■ Directions for this task ■
Beginning at the line with "Photo of The Cabinet Guys", output each line to the end of the listing below exactly, please.

■ Extracted information ■

☆ ☆ ☆ ☆

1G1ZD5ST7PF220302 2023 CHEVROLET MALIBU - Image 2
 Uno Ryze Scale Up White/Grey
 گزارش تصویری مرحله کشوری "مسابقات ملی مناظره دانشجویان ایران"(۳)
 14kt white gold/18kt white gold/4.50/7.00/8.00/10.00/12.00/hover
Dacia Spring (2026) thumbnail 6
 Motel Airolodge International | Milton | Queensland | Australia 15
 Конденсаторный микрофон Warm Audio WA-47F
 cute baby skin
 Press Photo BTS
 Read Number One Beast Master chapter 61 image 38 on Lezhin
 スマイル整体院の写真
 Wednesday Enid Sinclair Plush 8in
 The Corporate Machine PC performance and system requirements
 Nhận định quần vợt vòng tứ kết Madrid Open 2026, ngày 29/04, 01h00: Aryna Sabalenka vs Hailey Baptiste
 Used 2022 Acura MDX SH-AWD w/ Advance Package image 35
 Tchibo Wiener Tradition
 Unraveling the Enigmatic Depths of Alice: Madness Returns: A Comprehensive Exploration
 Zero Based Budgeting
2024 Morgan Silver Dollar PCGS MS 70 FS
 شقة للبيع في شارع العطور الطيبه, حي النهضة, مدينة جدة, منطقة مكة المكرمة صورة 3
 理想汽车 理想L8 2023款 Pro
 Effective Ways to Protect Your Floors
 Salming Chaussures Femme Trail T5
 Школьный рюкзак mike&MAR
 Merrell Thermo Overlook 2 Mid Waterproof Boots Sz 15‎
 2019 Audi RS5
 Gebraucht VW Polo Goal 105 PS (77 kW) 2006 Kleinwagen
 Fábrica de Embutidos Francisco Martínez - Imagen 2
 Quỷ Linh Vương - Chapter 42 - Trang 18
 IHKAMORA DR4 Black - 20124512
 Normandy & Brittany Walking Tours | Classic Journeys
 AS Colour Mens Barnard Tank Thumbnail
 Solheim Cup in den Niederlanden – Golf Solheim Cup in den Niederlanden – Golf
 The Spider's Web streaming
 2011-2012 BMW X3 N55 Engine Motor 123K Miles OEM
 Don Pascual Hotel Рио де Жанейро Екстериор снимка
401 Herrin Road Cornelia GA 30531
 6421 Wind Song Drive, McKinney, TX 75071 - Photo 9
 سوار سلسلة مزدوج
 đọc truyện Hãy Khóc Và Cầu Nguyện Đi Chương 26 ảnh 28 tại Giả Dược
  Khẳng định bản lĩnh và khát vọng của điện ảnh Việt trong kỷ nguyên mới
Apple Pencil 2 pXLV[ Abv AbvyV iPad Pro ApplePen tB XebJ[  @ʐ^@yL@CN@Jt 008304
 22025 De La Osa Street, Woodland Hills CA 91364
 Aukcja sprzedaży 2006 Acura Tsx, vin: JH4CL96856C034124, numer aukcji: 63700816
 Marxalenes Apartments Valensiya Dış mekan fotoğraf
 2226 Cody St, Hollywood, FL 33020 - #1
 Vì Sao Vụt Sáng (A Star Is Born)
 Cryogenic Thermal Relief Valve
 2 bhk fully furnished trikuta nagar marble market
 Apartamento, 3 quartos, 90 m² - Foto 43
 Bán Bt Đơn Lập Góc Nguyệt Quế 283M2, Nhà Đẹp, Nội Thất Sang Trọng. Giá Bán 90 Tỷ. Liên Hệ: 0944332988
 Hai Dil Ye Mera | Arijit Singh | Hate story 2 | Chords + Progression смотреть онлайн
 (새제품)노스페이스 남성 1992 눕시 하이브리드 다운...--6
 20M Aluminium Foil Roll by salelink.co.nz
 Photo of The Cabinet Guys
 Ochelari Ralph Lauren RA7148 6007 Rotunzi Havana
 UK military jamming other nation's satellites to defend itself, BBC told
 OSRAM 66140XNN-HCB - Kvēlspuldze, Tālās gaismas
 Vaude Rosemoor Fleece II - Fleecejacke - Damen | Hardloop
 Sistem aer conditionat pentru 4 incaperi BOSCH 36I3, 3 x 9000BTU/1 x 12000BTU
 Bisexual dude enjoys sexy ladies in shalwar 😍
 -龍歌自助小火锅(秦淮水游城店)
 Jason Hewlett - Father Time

☆ ☆ ☆ ☆

■ Answer to the exercise ■
 Photo of The Cabinet Guys
 Ochelari Ralph Lauren RA7148 6007 Rotunzi Havana
 UK military jamming other nation's satellites to defend itself, BBC told
 OSRAM 66140XNN-HCB - Kvēlspuldze, Tālās gaismas
 Vaude Rosemoor Fleece II - Fleecejacke - Damen | Hardloop
 Sistem aer conditionat pentru 4 incaperi BOSCH 36I3, 3 x 9000BTU/1 x 12000BTU
 Bisexual dude enjoys sexy ladies in shalwar 😍
 -龍歌自助小火锅(秦淮水游城店)
 Jason Hewlett - Father Time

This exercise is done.